== THE DATA ==

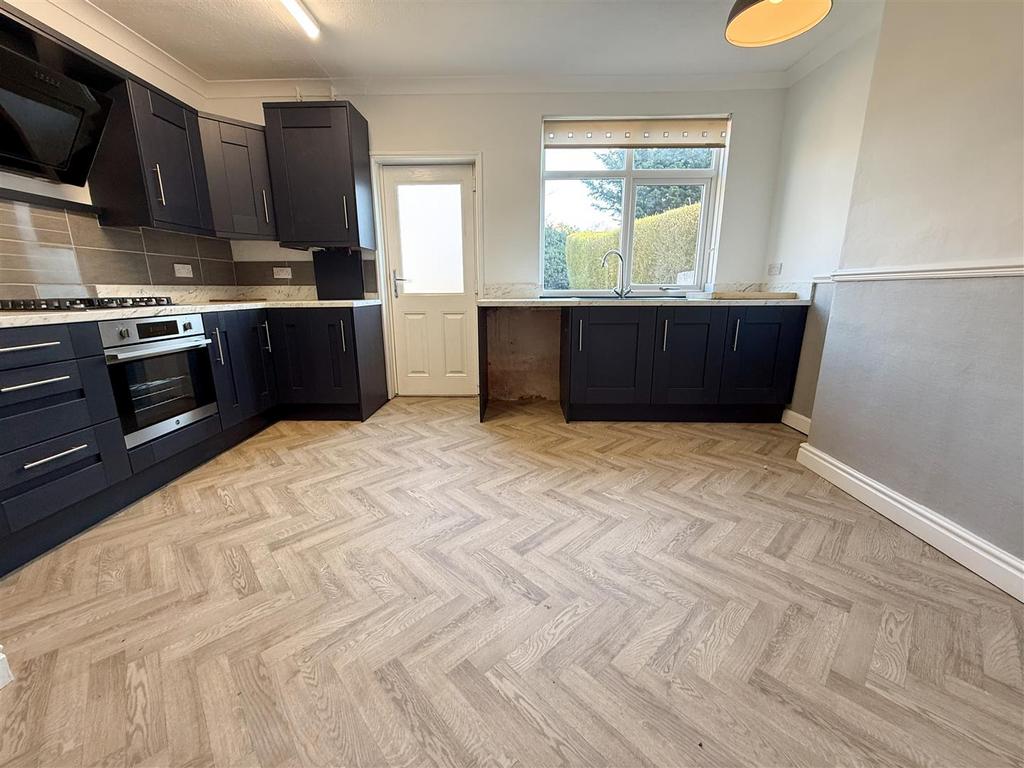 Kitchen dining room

===
== THE DATA ==

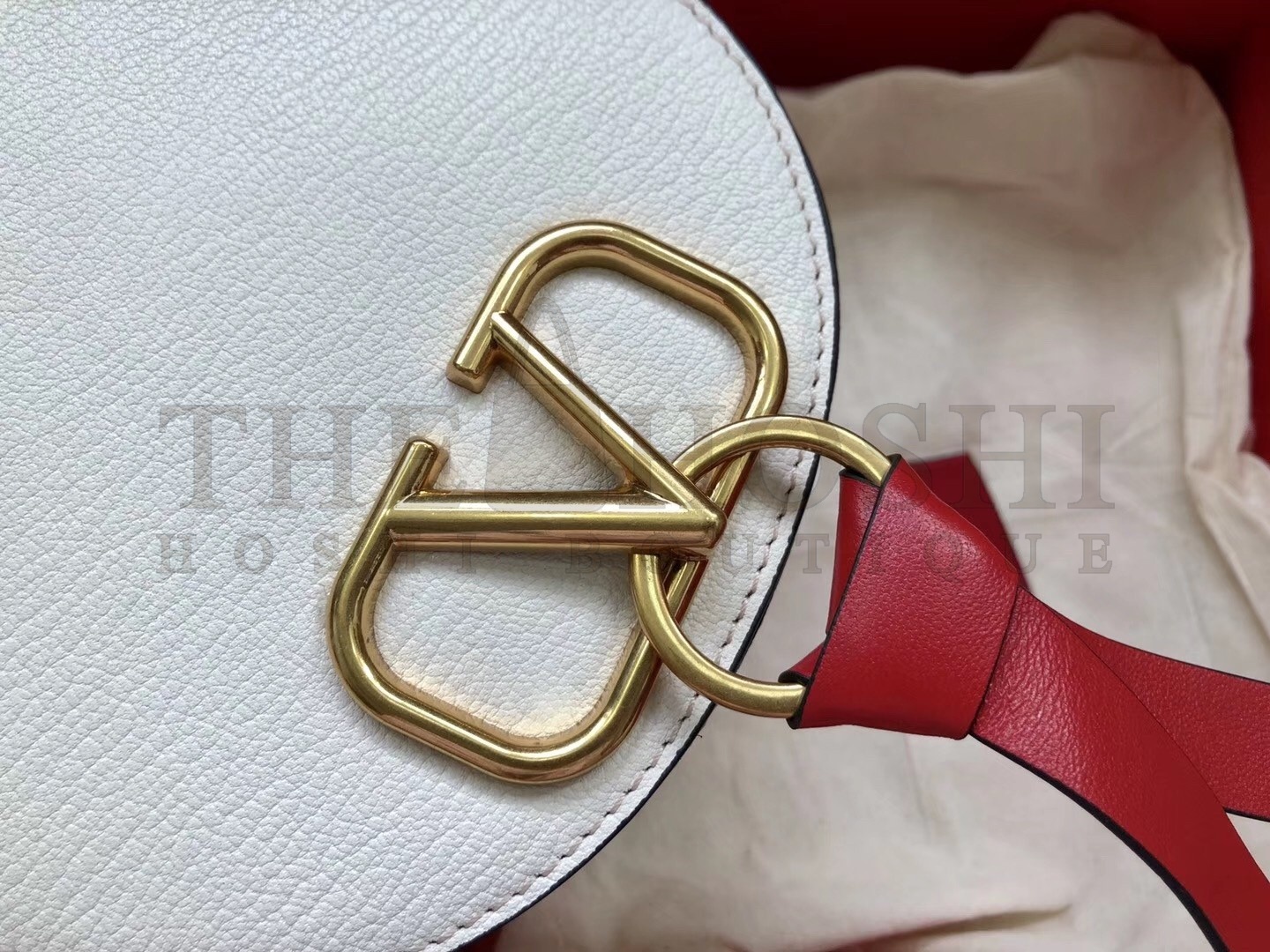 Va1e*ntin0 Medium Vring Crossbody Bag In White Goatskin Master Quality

===
== THE DATA ==

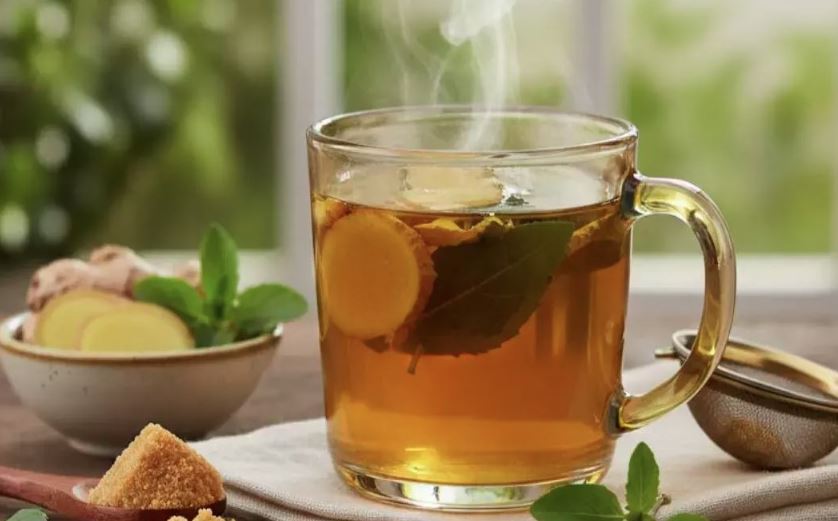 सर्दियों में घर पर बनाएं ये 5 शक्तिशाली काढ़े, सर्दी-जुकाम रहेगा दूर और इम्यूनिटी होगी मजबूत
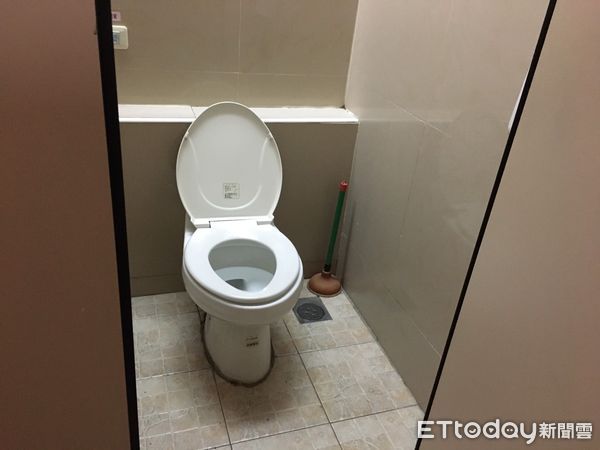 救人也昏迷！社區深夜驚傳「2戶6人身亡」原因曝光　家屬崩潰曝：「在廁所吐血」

===

In the records above, find the line containing "सर्दियों में घर" and the line containing "救人也昏迷！社區深夜驚傳「2戶6人身亡」原因曝光　家屬崩潰曝：「在廁所吐血」", then give both of them again word for word along with every line between. Omit any pictures.

__TASK RESULT__
 सर्दियों में घर पर बनाएं ये 5 शक्तिशाली काढ़े, सर्दी-जुकाम रहेगा दूर और इम्यूनिटी होगी मजबूत
 救人也昏迷！社區深夜驚傳「2戶6人身亡」原因曝光　家屬崩潰曝：「在廁所吐血」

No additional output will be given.